▸ **Data provided**:
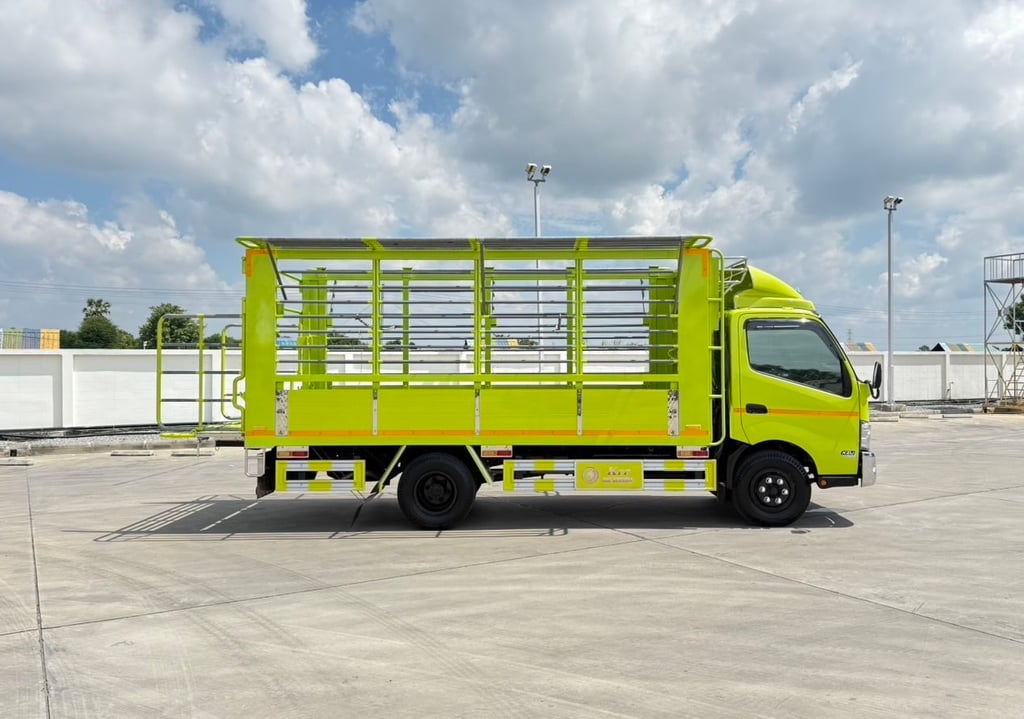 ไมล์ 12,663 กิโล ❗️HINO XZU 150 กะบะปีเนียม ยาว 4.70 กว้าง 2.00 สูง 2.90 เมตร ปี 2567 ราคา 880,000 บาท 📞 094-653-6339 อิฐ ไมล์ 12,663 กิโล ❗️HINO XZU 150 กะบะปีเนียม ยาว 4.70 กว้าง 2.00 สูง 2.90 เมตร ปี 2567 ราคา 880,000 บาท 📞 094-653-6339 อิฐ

* * *

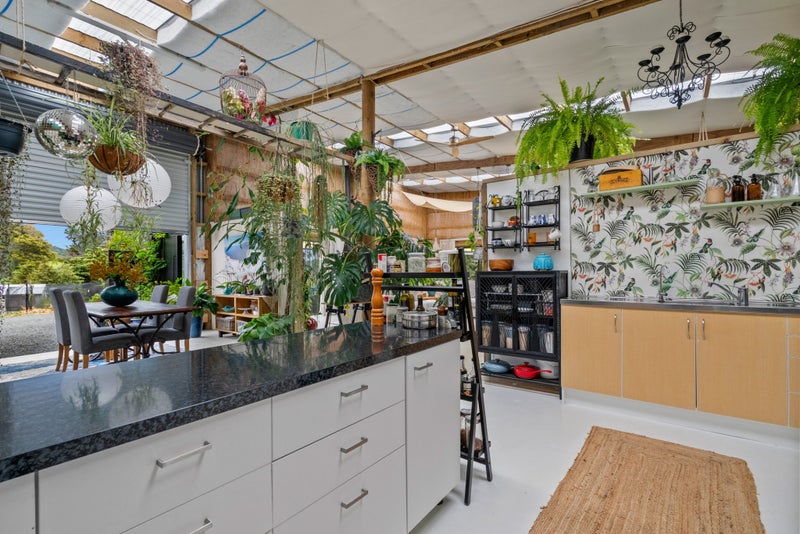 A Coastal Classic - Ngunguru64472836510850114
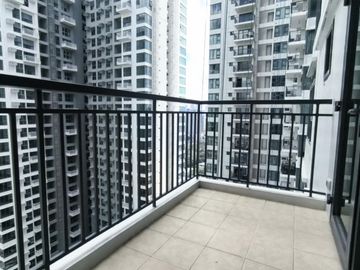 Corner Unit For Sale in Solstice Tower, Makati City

...

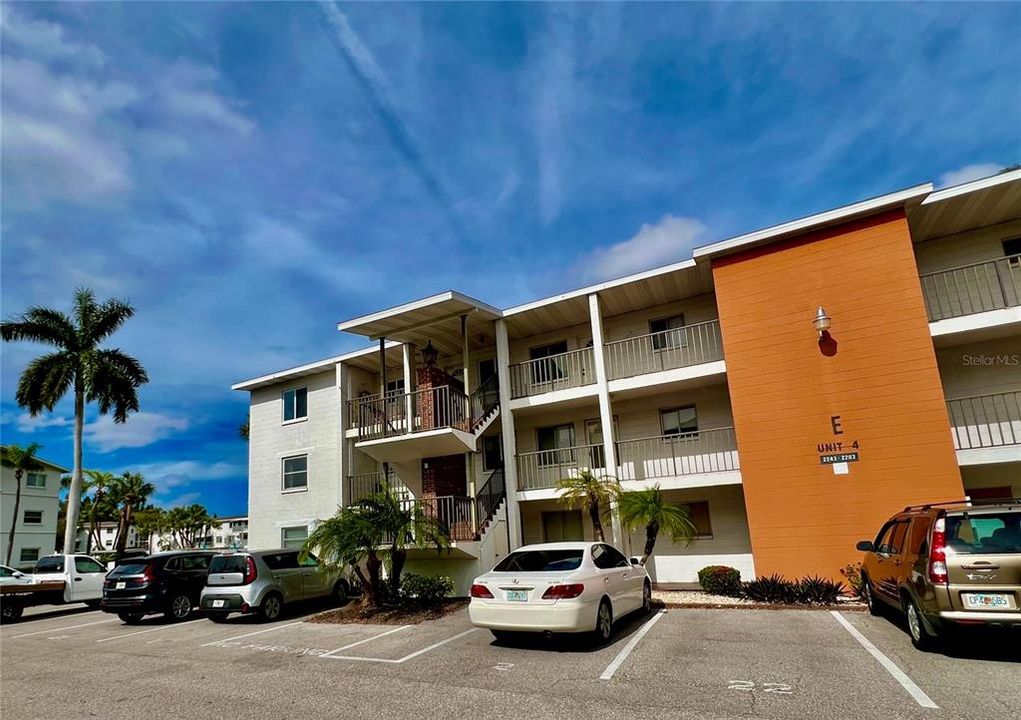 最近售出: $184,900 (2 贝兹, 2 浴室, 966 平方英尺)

▸ **Exercise details**:
Print everything from the line with "A Coastal Classic" down to the line with "Corner Unit For" in the entries above, both lines included and nothing more, without the pictures.

▸ **Task solution**:
 A Coastal Classic - Ngunguru64472836510850114
 Corner Unit For Sale in Solstice Tower, Makati City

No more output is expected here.